Coronavirus: Egypt releases women who held protest demanding prisoner release
Egyptian authorities released four activists on Wednesday following a protest they held in Cairo, calling for the release of prisoners to prevent the spread of the coronavirus pandemic.
It comes as Egyptian prosecutors on Thursday ordered the release of 15 political dissidents, including a prominent academic arrested as part of a crackdown on nationwide protests in September.
Egypt has so far reported 210 cases of the virus and six deaths.

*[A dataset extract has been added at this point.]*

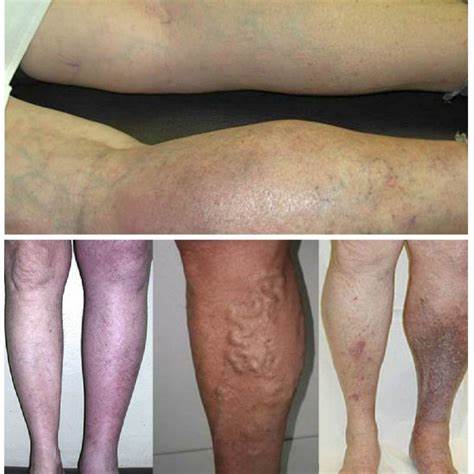 Тромбофлебит нижних конечностей диета Тромбофлебит поверхностных вен нижних конечностей | Trombanet Тромбофлебит поверхностных вен нижних конечностей | Trombanet Тромбофлебит нижних конечностей диета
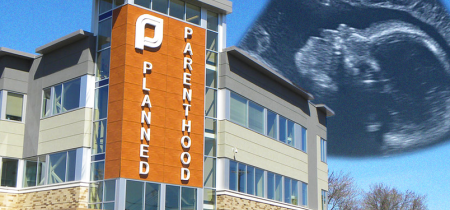 POČÚVAJTE: Zamestnanci plánovaného rodičovstva sa smejú pri volaní na tiesňovú linku pre ženu krvácajúcu po potrate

Novelist Ahdaf Soueif, her sister, Laila Soueif, Mona Seif, and political science professor Rabab el-Mahdy were picked up while protesting in front of the government headquarters in central Cairo earlier on Wednesday, after officers told them they were not allowed to protest.
The four women held posters with demands to release prisoners, including their family members held in pre-trial detention.
Ahdaf Soueif, Seif and el-Mahdy were released more than 12 hours after paying EGP 5,000 ($317) bail each, but Laila Soueif was released hours later and paid an additional EGP 3000 ($190) in bail related to another case.
She had been held longer for interrogations at the State Security Prosecution headquarters, her nephew, Omar Hamilton, has tweeted.
As his aunt was transferred from Qasr el-Nil prison to the police headquarters earlier, Hamilton said she shouted that she had been on a hunger and water strike since Tuesday.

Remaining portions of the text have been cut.